*AIM OF THE EXERCISE*: Repeat exactly the lines of the records below, starting at the line containing "1417 Jasmine View Way, Knightdale, NC 27545" and ending at the line containing "Army crossbag umhängetasche". Leave the pictures out.

*EXERCISE DATA*:
+ + + + +
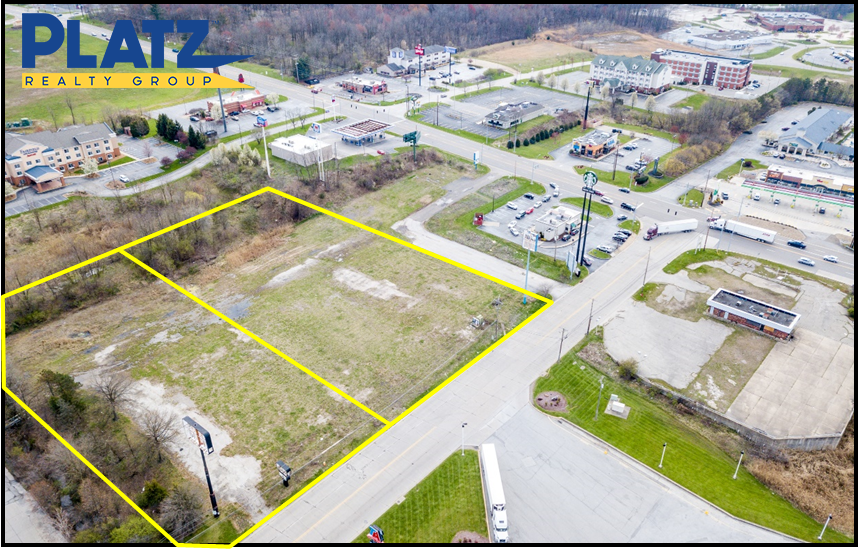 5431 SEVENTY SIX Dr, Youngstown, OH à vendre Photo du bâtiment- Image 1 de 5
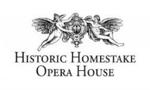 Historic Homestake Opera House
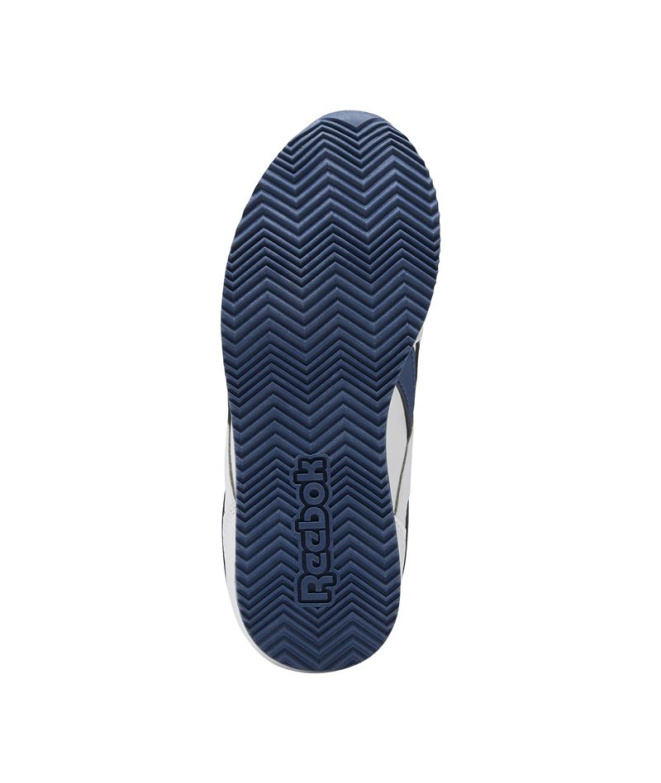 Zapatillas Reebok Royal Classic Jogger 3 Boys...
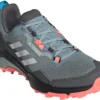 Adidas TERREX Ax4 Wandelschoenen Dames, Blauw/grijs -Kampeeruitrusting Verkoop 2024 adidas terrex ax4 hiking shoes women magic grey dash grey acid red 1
+ + + + +
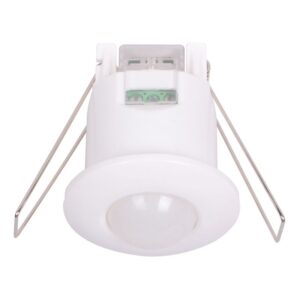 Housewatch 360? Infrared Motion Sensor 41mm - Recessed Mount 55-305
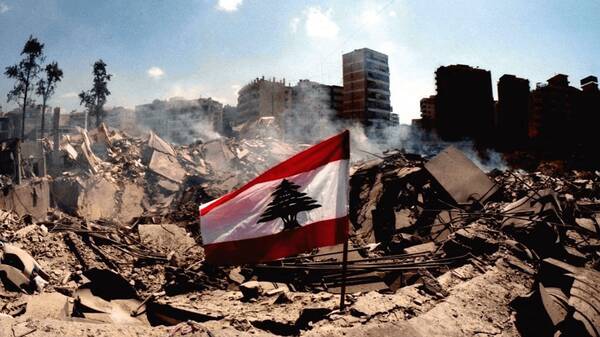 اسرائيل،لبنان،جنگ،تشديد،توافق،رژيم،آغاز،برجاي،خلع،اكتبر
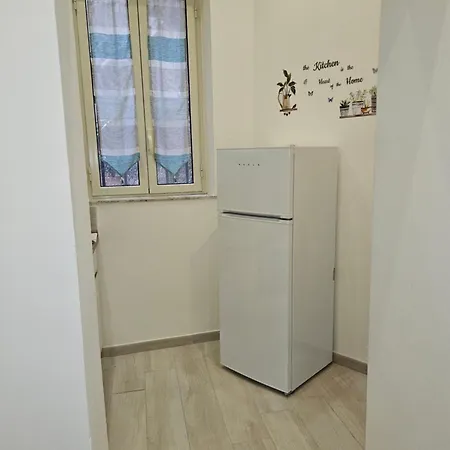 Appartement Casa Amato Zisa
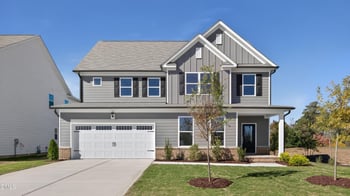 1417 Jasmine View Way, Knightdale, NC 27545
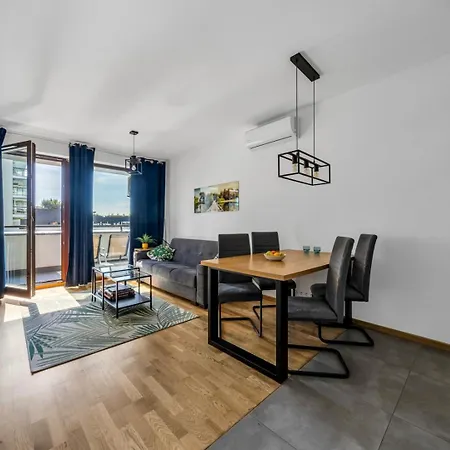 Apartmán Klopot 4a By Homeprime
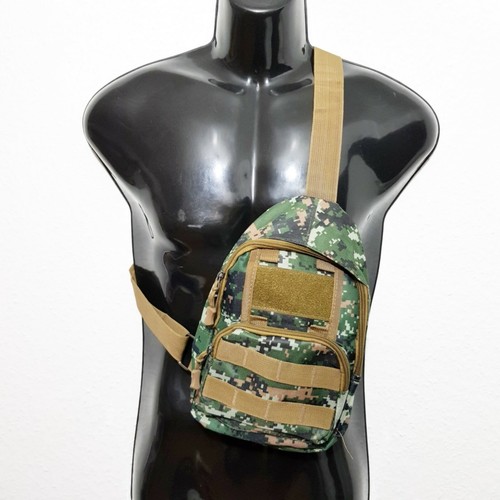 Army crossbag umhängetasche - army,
+ + + + +
*RESPONSE*:
 1417 Jasmine View Way, Knightdale, NC 27545
 Apartmán Klopot 4a By Homeprime
 Army crossbag umhängetasche - army,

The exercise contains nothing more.